After I wrote this post, I had an email conversation with John Cooper of the history faculty at UW/Madison, who wrote the New York Times article to which I was reacting.
Cooper points out that the shadow cabinet concept has been applied in the U.S. He told me that Thomas Dewey, the unsuccessful Republican presidential nominee in 1944 and 1948 "designated John Foster Dulles as his point man on foreign policy, and he was privy to what was going on. [Secretary of State George] Marshall took Dulles with him to the conference that hammered out NATO, and the European foreign ministers greeted him as the next secretary of state."
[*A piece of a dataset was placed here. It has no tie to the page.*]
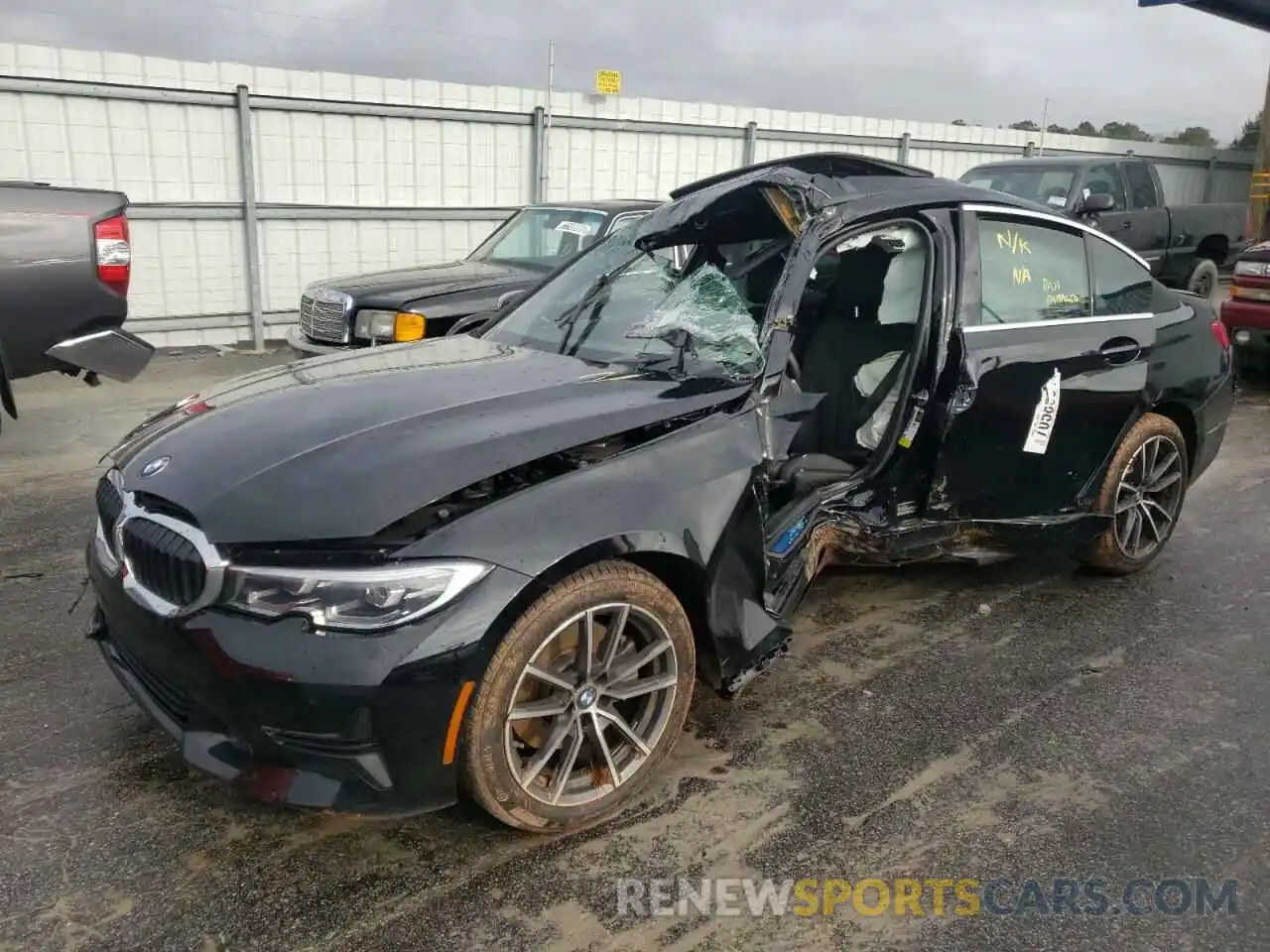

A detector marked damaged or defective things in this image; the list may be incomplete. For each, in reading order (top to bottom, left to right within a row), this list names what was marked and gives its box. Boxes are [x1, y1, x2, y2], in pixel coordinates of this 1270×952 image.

Most observers expected Dewey to defeat Harry Truman in the 1948 presidential election. But Truman won and, as Cooper puts it, Dulles "had to wait for another four years".
When Dwight Eisenhower was elected president on the Republican ticket in 1952, ending a 20-year Democratic lock on the White House, he appointed Dulles to be his secretary of state. Or, as Cooper puts it, Dulles "finally got to be SecState after running for it three times".
Cooper also points out to me that Woodrow Wilson, the subject of an upcoming biography by Cooper, "would be the proper person to enlarge upon" my points of comparison between the U.S. and British systems. "He was the first real practitioner of comparative government and he did want to adopt features of the parliamentary system here."